Thursday, November 2, 2017

Futility


To the best of my recollection, I began blogging along about 2007 in a manner along the lines of a man about town. Notes on places frequented, music heard, oddities seen - that sort of thing. Within the bounds of what a log is, recording events matter of factly. I can't confirm the date because Google changed the Blogger format and I was posting on another account with a different e-mail address. Consequently, after some time not using that particular blog on account of commencing this one, which I wanted to use for more expository purposes, it up and disappeared! 

Contacted Google many months ago and got instructions on how to pull it back up but it didn't do so. Forgetting the passwords for the former blog and e-mail account didn't help. I got as far as I could upon setting up new passwords and hit the wall. I'm sure it's somehow accessible. I simply don't have a casual acquaintance to assist.

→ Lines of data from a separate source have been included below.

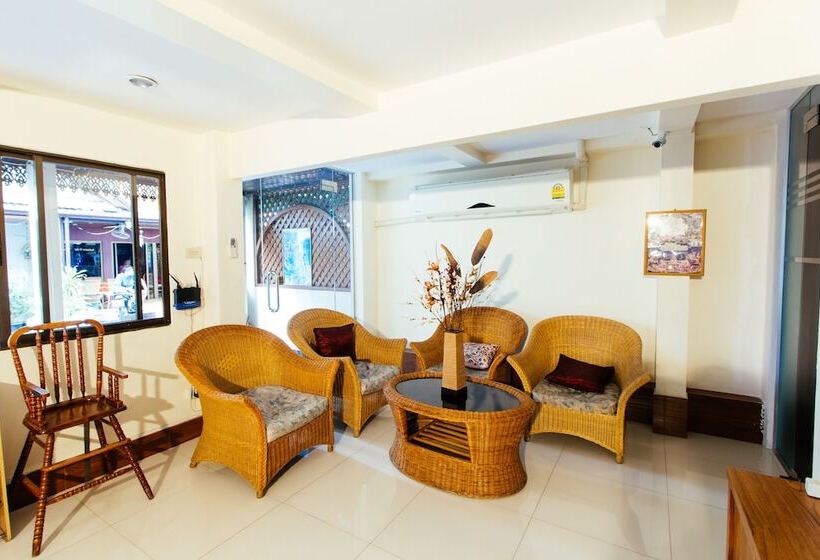 Fotos del hotel Thipurai Beach  Annex:  25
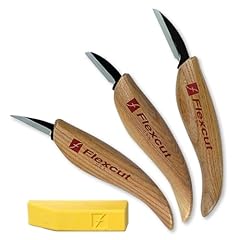 Flexcut starter wood for sale  Delivered anywhere in USA 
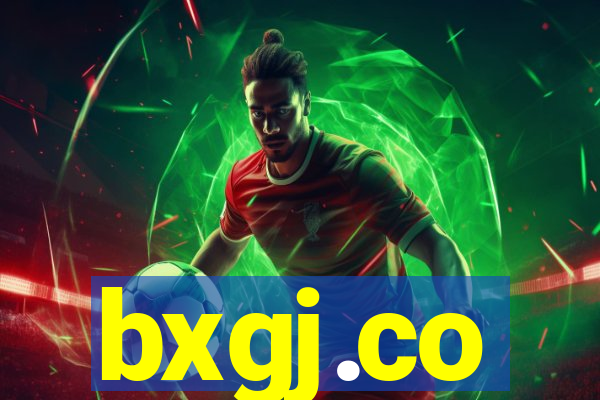 bxgj.co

Which is the object of this post... no one to help. No one to talk to.

I went for coffee at the local pub this morning. My mind reeling after reading that the Halloween parade in NYC just had to go on after the atrocity downtown. I was somewhat put out. I tried to have a conversation. "I wonder how many people know where Uzbekistan is?" I mentioned the absurdity noted and, no, the person did not know where Uzbekistan was. A few assertions were made on my part about rounding up all these aliens on the sort of visa the assassin had tempered by the question as to whether habeas corpus and the 4th and 5th Amendments applied. Well, the conversation went south and, yes, I was venting. Not exactly the right person to engage with in this regard.

The thing of it is I do know where Uzbekistan is. Over the years I've read several books (recall this one in particular) about the area pertaining to it's history from Alexander to the Silk Road to the interminable 'problem' of Afghanistan - "Isn't that the case, Dr. Watson?" Ah, yes, fabled Samarkand. Tamerlane. The Khans! Indeed; adjunct to the Raj and the Great Game. Get the picture? All this going on in my mind and no one to talk to.

So I halted my chat with the fellow and knew I had to go to the blog. Blimey if I don't feel better; less pent up. Still, I'd rather be with a real person. I don't need the couch but a talking cure with a human being would be splendid. Alas, there is no other recourse at the moment. I choose not to feel it is not a futile situation.

I made the last link because that's what was playing as I was writing. Went to coffee place after above encounter to sit down, get online and, er, relate. Same instance as mentioned the other day: usual people here, no one acknowledges your existence. Way it is. So the tune is playing and I ask the 'neighboring' individuals, "Is this Nina Simone?" No one heard me as they had their buds on in their personal universe but I couldn't see that because my glasses were off. But they could see me addressing them - they didn't bother to take the earphones off! Went to the nearest barista and asked him to look it up (I know they can.) and he sullenly did. Confirmed. Then the twenty-something persisted looking down his nose as if I'm incapable of doing the same operation but I don't wish to sign up for the come ons. Cup of coffee... big fucking deal. Sorry, but this is all very exasperating, the attitudes! The indifference. Halloween parades, though, because of the commercial aspect, now that's important.

That was another thing I saw. (Impossible to read the news without being whipsawed.) The Trump kid used his kids to make a political statement, dressing them in military and police garb. (I abhor Halloween.) Had them salute for a Tweet, la-de-da. Abhorrent. He should not have done that but farbeit for me to say what people should or should not do as that's nothing but TROUBLE as is often the case when dealing with CREEPS. Well, one of the late night TV creeps then skewers the Trump creep after he further Tweeted that he gave half of the kid's candy away to "Teach them about socialism."!!! The retort was vulgar. This stuff drives me nuts. Fortunately, this is playing presently. And this popped up while I secured the previous link. I refuse to feel the futility of living in a ridiculous day and age.

How are we to proceed? The picture is from another coffee place I used to visit. Not often, but the proprietor was friendly. She died. Leukemia. I will proceed with a sense of mortality and in the best humor I possible can. You can see, if you are one of the people who seem to be reading this, why I do it. It's not venting, per se, but moreso this.

Cute, huh? I'd rather be corporeally engaged. Believe me. This has to do.
I do not feel the futility of the circumstance at all. So help me God, I don't.
Now, I do feel good enough to go out and take some pictures. Of what?
Need to find some flowers STAT. Have got to keep myself occupied. Peacefully.